Transfer learning is most helpful when:
You have a small dataset or limited access to labeled data.
Your task is related to a well-established domain with existing models.
You want to reduce the cost and time of training.
It is commonly used in image classification, object detection, text classification, sentiment analysis, and other tasks where large pre-trained models exist.
Fine-tuning is the process of adjusting a pre-trained model so that it performs better on a specific task. This is usually done after applying transfer learning.
There are two main approaches:
With feature extraction you keep the entire pre-trained model unchanged and only train a new classification layer on top of it. The model acts as a fixed feature extractor.
You unfreeze some or all layers of the pre-trained model and continue training it on your dataset.

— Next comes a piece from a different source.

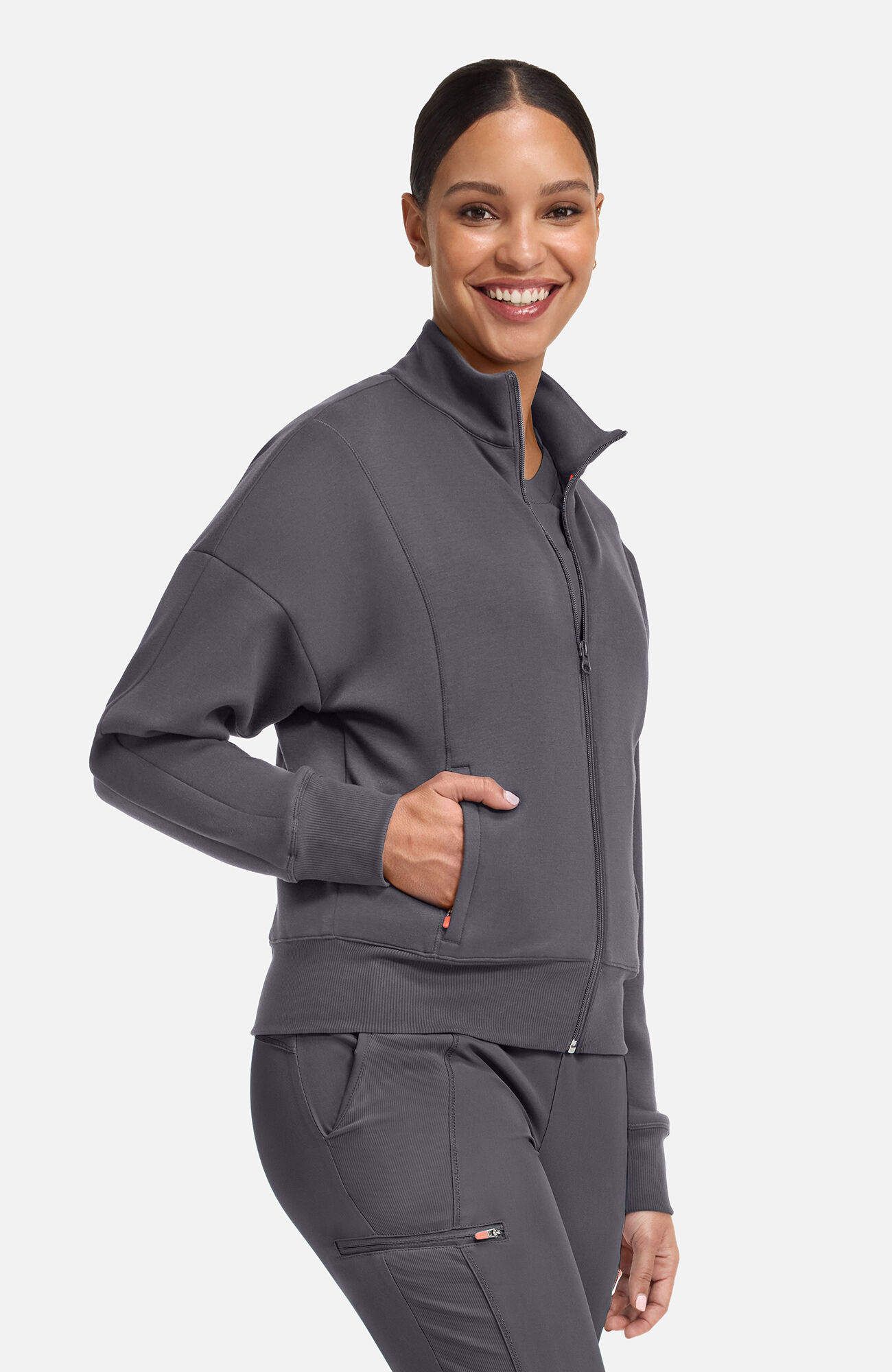 Women's Zip Front Dolman Cropped Scrub Jacket, , large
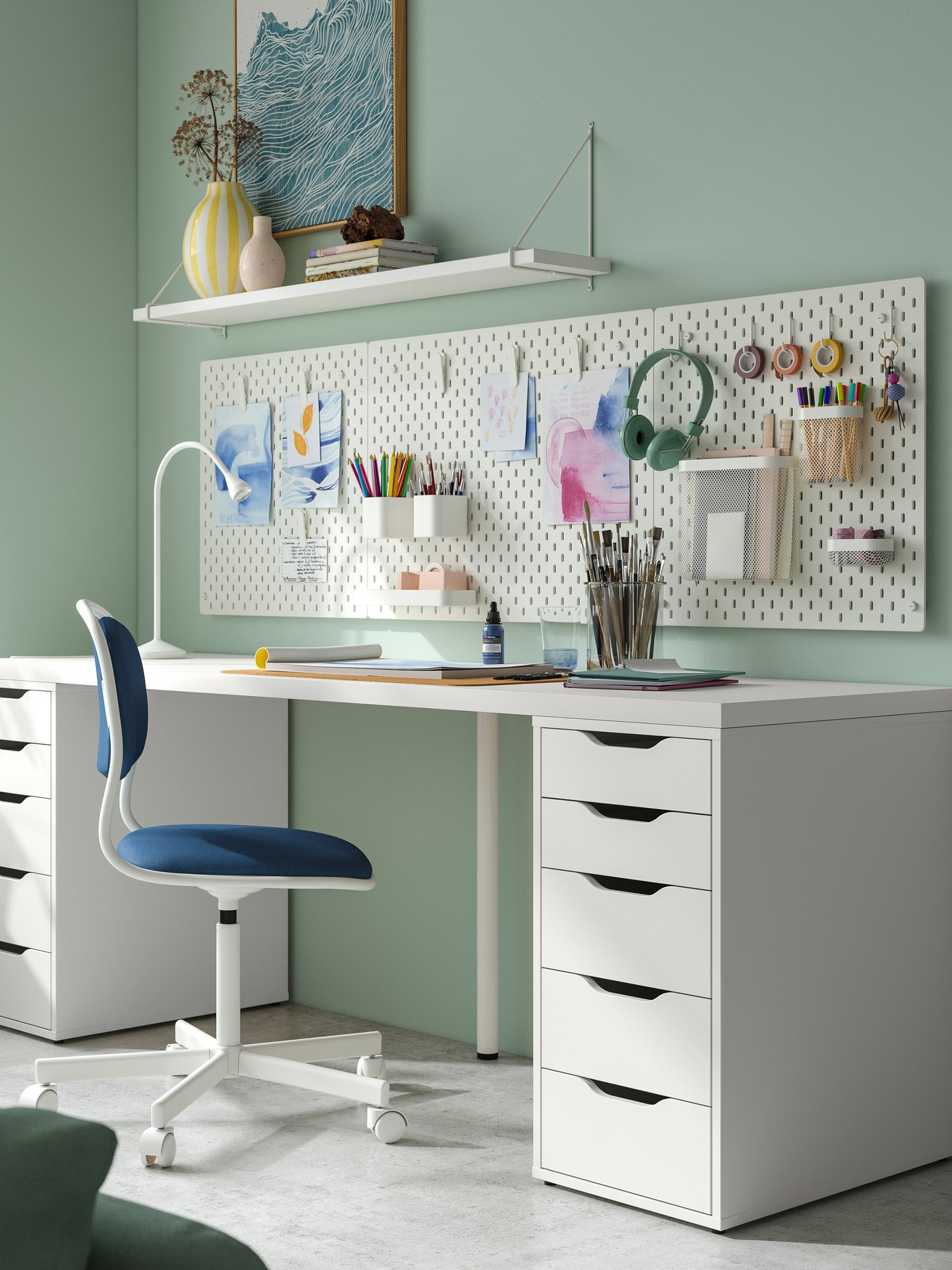 A white ALEX desk with storage.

This allows the model to adapt its internal representations to the new task more precisely.
Fine-tuning tends to give better results, especially if the new task is significantly different from the original one.
A typical workflow looks like this:
Start with a pre-trained model trained on a large dataset.
Replace the final output layer to match the number of classes in your new task.
Freeze the pre-trained layers and train only the new output layer.
Optionally unfreeze selected layers and fine-tune the model on the new data, typically using a smaller learning rate.
This process allows you to gradually adapt the model while preserving the valuable features it learned during its initial training.
Use data augmentation when working with small datasets to avoid overfitting.
Always start with training just the new layers before unfreezing the rest of the model.
Fine-tune with a lower learning rate to avoid destroying the pre-trained weights.
Monitor validation performance closely, especially when unfreezing more layers.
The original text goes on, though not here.